▸ **SOURCE MATERIAL**
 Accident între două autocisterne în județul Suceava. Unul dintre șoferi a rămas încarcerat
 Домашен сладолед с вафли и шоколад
==
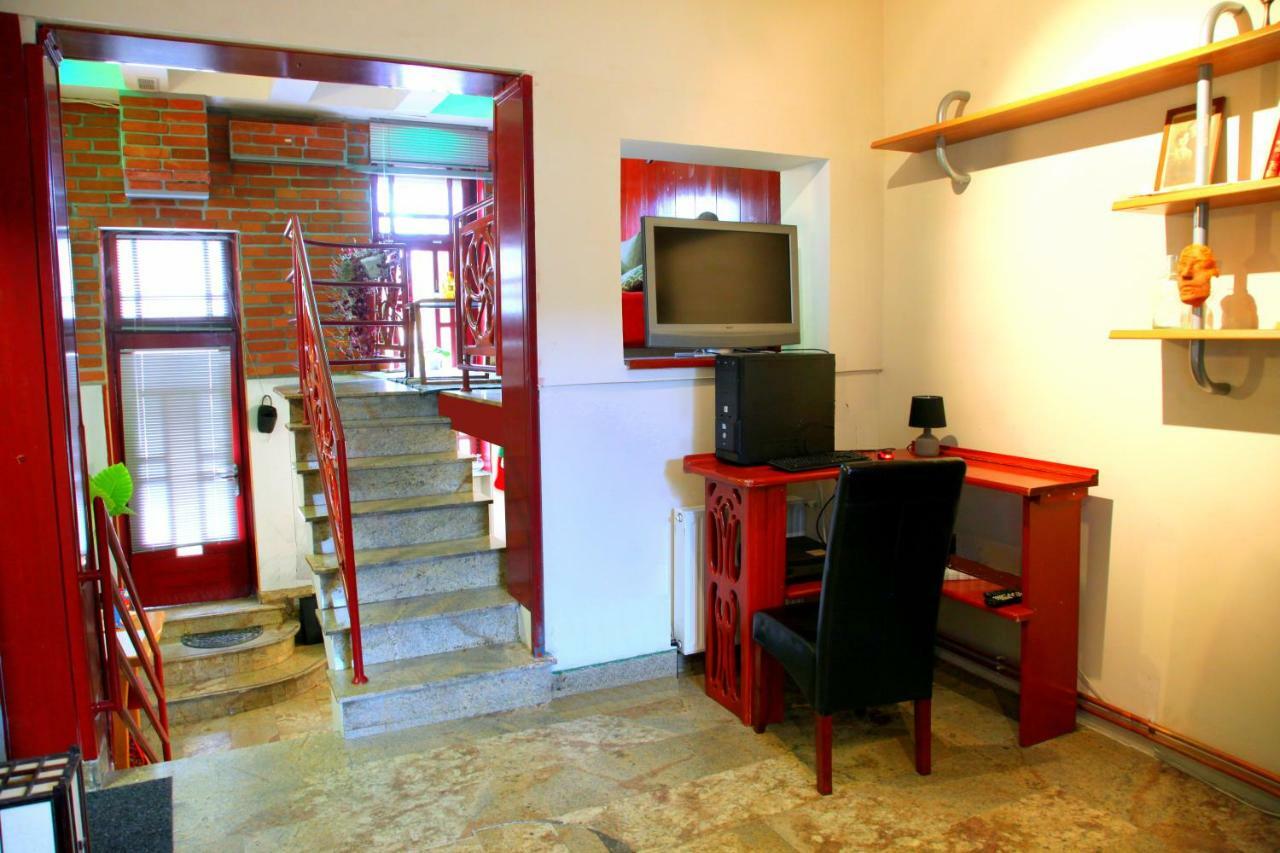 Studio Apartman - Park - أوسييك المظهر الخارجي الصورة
...
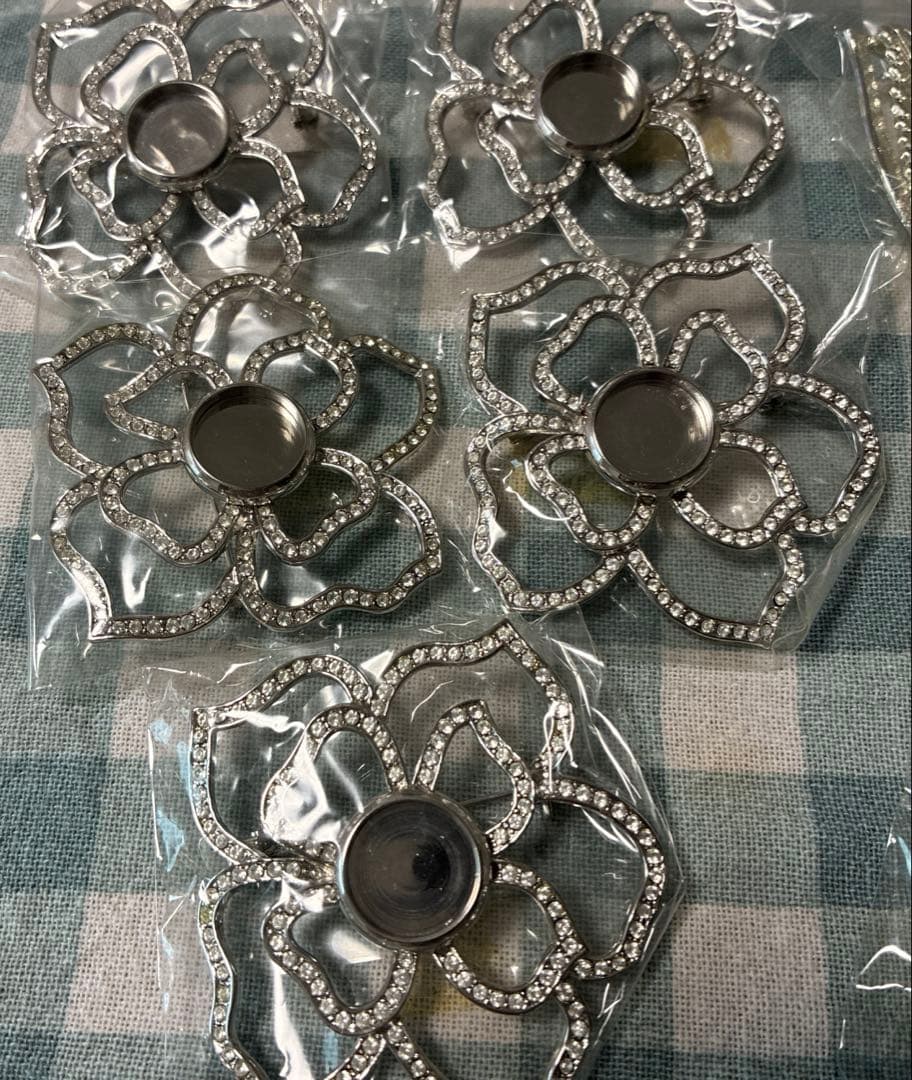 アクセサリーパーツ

▸ **PROBLEM DETAILS**
Above this task is a listing. Restate, word for word and with nothing added, the lines from the one with "Accident între două" through the one with "Домашен сладолед с вафли и шоколад".

▸ **TASK RESULT**
 Accident între două autocisterne în județul Suceava. Unul dintre șoferi a rămas încarcerat
 Домашен сладолед с вафли и шоколад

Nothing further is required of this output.